U.S.S.G. § 4B1.1(a). For these purposes, a "controlled substance offense" is one under a law which "prohibits the manufacture, import, export, distribution, or dispensing of a controlled substance, . . . or possession with intent to manufacture, import, export, distribute, or dispense." U.S.S.G. § 4B1.2(b).

Without objection, the Probation Office employed the 2016 Guidelines manual.

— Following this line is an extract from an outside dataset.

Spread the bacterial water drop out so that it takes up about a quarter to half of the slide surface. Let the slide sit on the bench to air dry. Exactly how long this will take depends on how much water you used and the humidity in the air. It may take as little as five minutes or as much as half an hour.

The Career Offender Guideline boosts the otherwise applicable offense level and provides that the Criminal History Category shall in all cases be VI:

(b) Except as provided in subsection (c), if the offense level for a career offender from the table in this subsection is greater than the offense level otherwise applicable, the offense level from the table in this subsection shall apply. A career offender's criminal history category in every case under this subsection shall be Category VI.

OFFENSE STATUTORY MAXIMUM

OFFENSE LEVEL*

(1) Life

37

(2) 25 years or more

34


. . . .

*If an adjustment from §3E1.1 (Acceptance of Responsibility) applies, decrease the offense level by the number of levels corresponding to that adjustment.
U.S.S.G. § 4B1.1(b) and text following.

Because Mr. Roman's offense of conviction carries a maximum sentence of 40 years' imprisonment, the PSR's application of the Career Offender guideline resulted in a base offense level of 34. The adjusted offense level of 31, together with the mandatory criminal history category of VI, would yield an imprisonment range of 188 to 235 months.

i. 21 U.S.C. § 846 conspiracy as a "controlled substance offense"

One of the three numbered prerequisites for application of the Career Offender Guideline is that "the instant offense of conviction is a felony that is either a crime of violence or a controlled substance offense." U.S.S.G. § 4B1.1(a) (quoted above). A "controlled substance offense" is an offense that (1) is punishable by a term of imprisonment that exceeds one year and (2) "prohibits the manufacture, import, export, distribution, or dispensing of a controlled substance (or a counterfeit substance) or the possession of a controlled substance (or a counterfeit substance) with intent to manufacture, import, export, distribute, or dispense." Id. § 4B1.2(b).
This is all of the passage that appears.